What the exercise asks: What are the lines, word for word, from the line with "GELENA: cyclone intense: passez" up to and including the line with "Kevin Schwantz, con" in the records below? Omit the pictures.

Data for this exercise:
Content starts
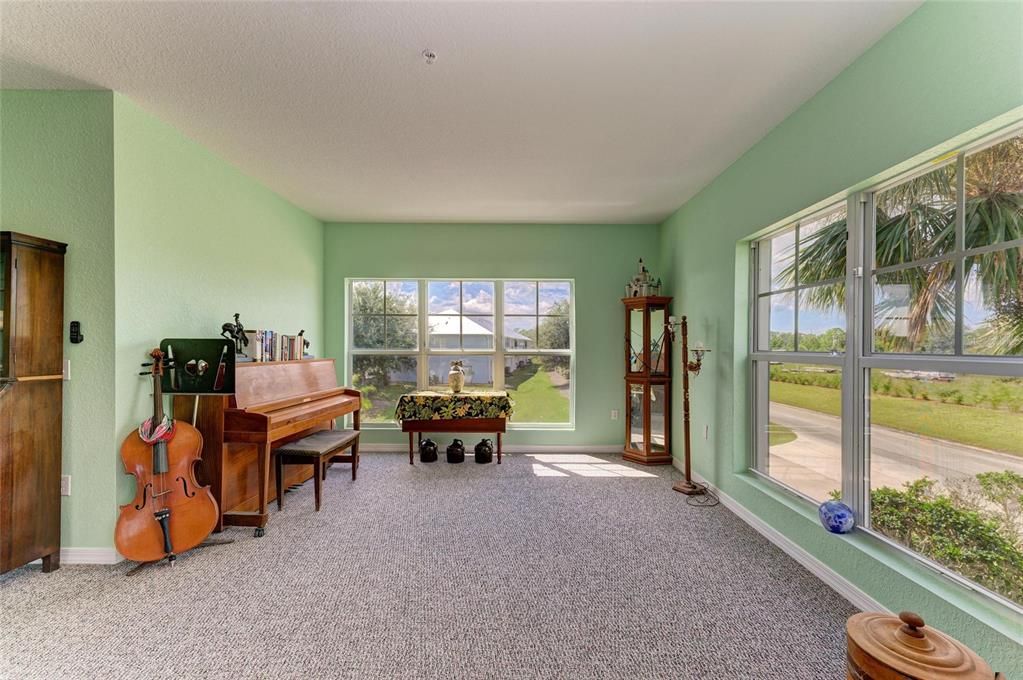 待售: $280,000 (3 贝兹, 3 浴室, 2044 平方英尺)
Content ends
Content starts
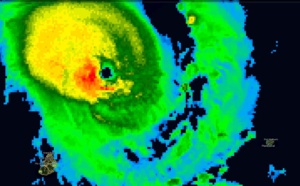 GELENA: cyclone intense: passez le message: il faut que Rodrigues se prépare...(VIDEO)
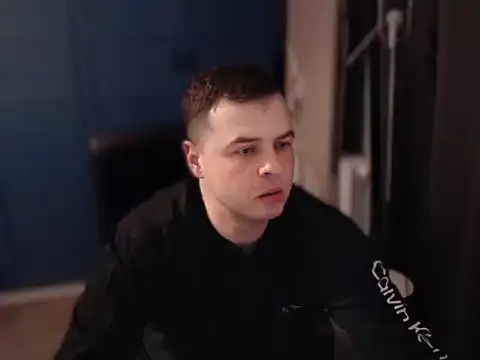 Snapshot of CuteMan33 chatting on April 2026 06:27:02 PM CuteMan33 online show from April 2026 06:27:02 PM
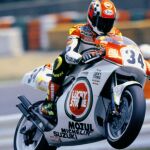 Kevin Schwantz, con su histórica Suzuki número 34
Content ends
Content starts
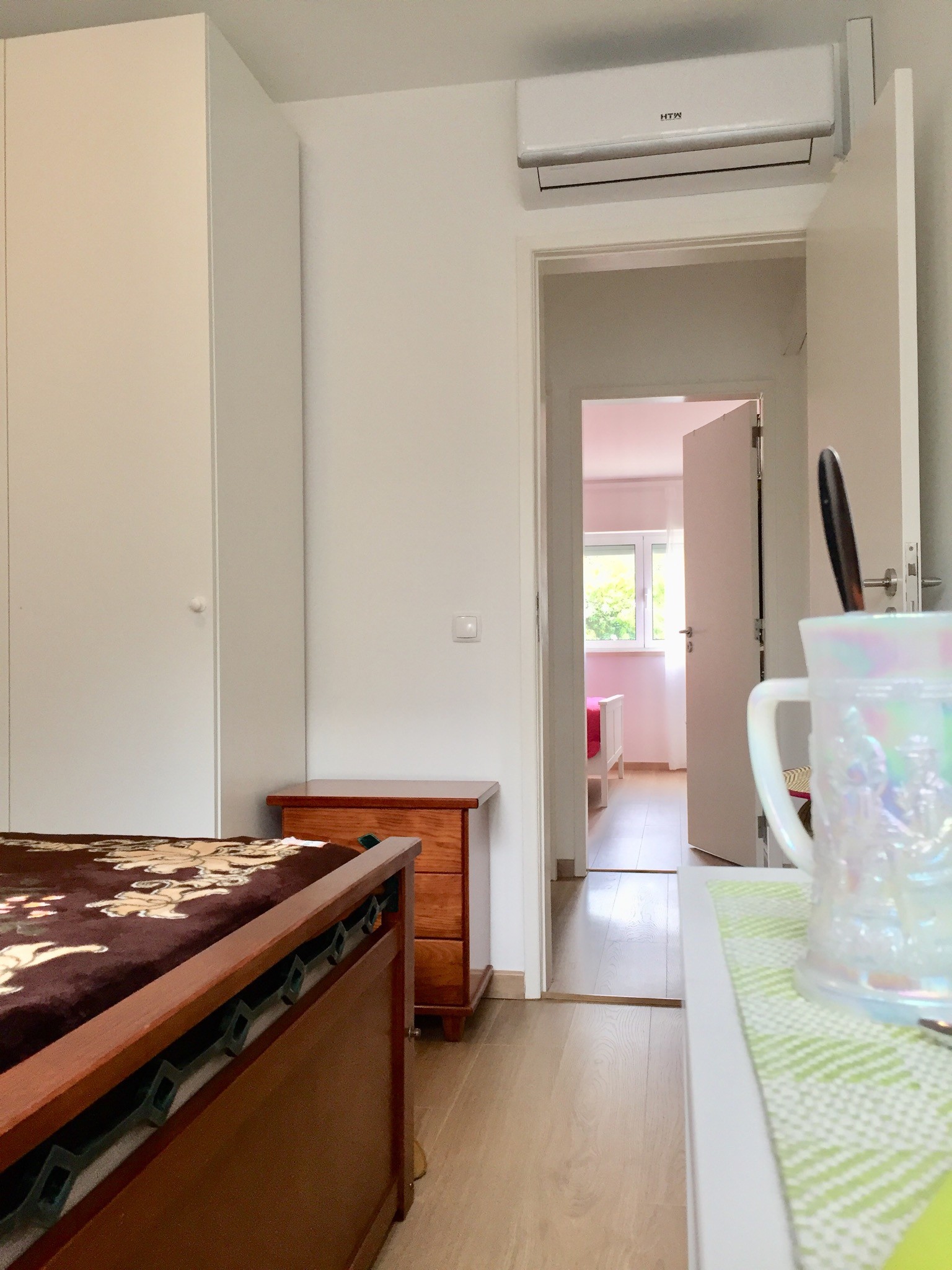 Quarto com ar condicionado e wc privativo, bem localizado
Content ends
Finished exercise:
 GELENA: cyclone intense: passez le message: il faut que Rodrigues se prépare...(VIDEO)
 Snapshot of CuteMan33 chatting on April 2026 06:27:02 PM CuteMan33 online show from April 2026 06:27:02 PM
 Kevin Schwantz, con su histórica Suzuki número 34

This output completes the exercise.